St Andrews overtook Oxford and Cambridge at the top of the latest Guardian University Guide

Oxbridge is being replaced at the apex of UK universities by “Stoxbridge” after St Andrews overtook Oxford and Cambridge at the top of the latest Guardian University Guide.

It is the first time the Fife university has been ranked highest in the Guardian’s annual guide to undergraduate courses, pushing Oxford into second and Cambridge into third.

Detailed analysis of the rankings – which includes data on student satisfaction and attainment, graduate outcomes and staff-student ratios – shows that the three universities are in a league of their own, with only fractional differences separating first and third places, but a much larger gap to their rivals, such as Imperial College London.

Dame Sally Mapstone, the vice-chancellor and principal of St Andrews, said: “I hope that St Andrews’ terrific students and all of my hard-working colleagues will feel the recognition of this very significant achievement. They entirely deserve it.

“The amalgam of our strengths in the key areas which the Guardian measures has set us narrowly ahead of some of the very best universities in the world. For a small Scottish university to shake the established order repeatedly is a great tribute to everyone who works and studies here.”

St Andrews is the third-oldest university in the UK, with its foundation in 1413 predated only by Oxford and Cambridge, whose earliest royal charters were awarded in the 13th century.

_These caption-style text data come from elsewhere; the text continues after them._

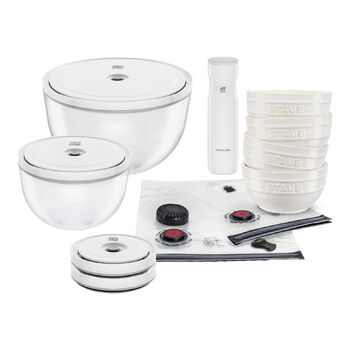 Набір вакуумних контейнерів з керамічними піалами, 15 предметів, білі Fresh & Save Zwilling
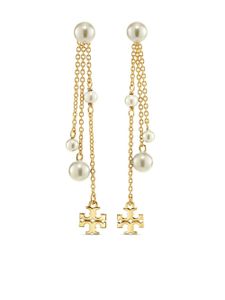 Tory Burch boucles d'oreilles pendantes Kira serties de perles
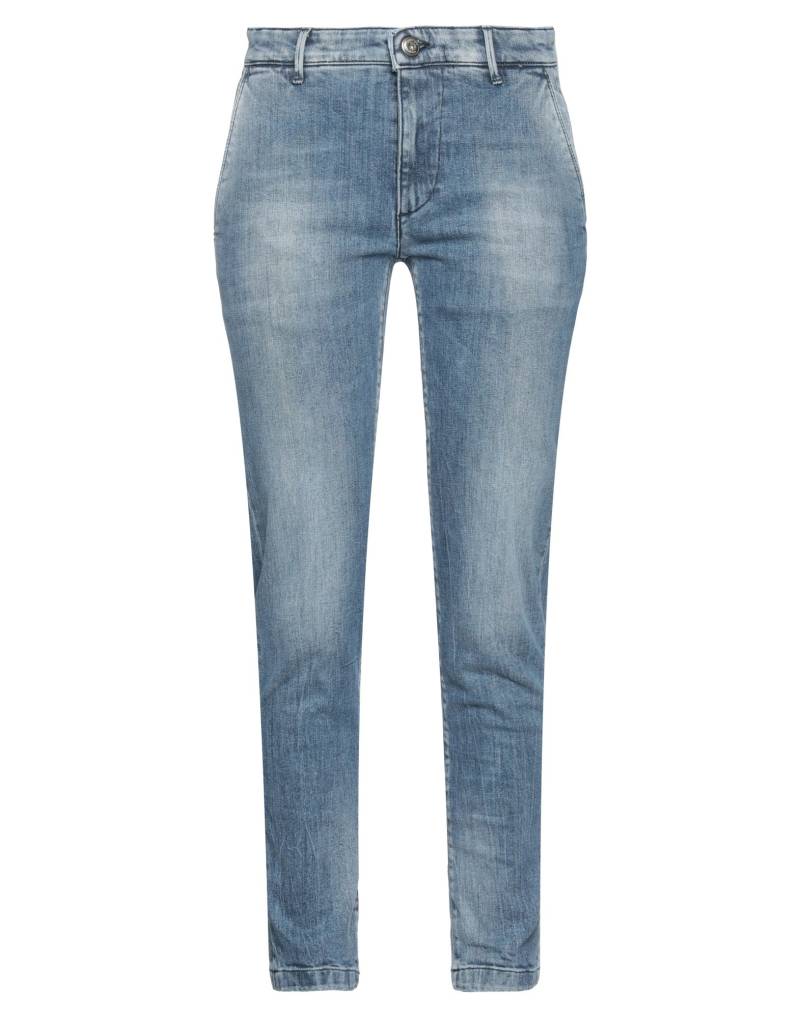 0/ZERO CONSTRUCTION Jeanshose Damen Blau von 0/ZERO CONSTRUCTION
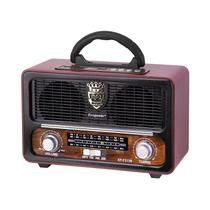 Radio Ecopower EP-F213B - AM/ FM/ SW - USB/ Aux/ SD - Bluetooth - com Controle - Amarelo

The Stoxbridge trio also dominate the individual rankings for undergraduate subjects in the Guardian guide: Oxford, Cambridge and St Andrews take first place in 30 out of the 66 subject areas. Cambridge leads the way in 15 subjects but St Andrews is ranked first in a string of major subject areas, including history, economics, chemistry and English.

Matt Hiely-Rayner, who compiled the guide, said there was little to separate the three Stoxbridge members, with the narrowest difference between first and third place in the guide’s history.

“What’s clearer is the extent to which these three are removed from the rest of the sector. But between them there isn’t much difference, they are so close that tiny judgments would make a difference in the order,” he said.

What benefits St Andrews this year is slightly higher entry grades among incoming undergraduates, as well as high levels of student satisfaction with teaching and the high proportion who go on to graduate employment or further study.

“St Andrews offers slightly different subjects than Oxford and Cambridge, and because of that, it has a slightly better performance,” Hiely-Rayner said.

Outside of Stoxbridge, there were improved performances by Imperial, which was named the Guardian’s university of the year after rising to fifth place. It has the highest levels of student satisfaction for teaching in England, as well as powerful performances in engineering subjects, including top spot in the new category of aerospace engineering.

Imperial also excels in helping students establish their careers. In recent years, more than 94% have found graduate-level positions within 15 months of earning their degrees.

The rankings recognise strong improvements in universities across the sector, with several able to celebrate improving their positions. The University of West London is ranked 23rd overall, continuing its climb from 96th in the 2017 guide, thanks to an exceptional performance in student satisfaction surveys. The University of Sunderland has jumped from 92nd to 50th place overall.

Record numbers of school leavers are starting undergraduate courses at UK universities this autumn. The unabated demand for higher education and the mini baby boom that began in the mid-2000s is causing increased competition for places across the sector.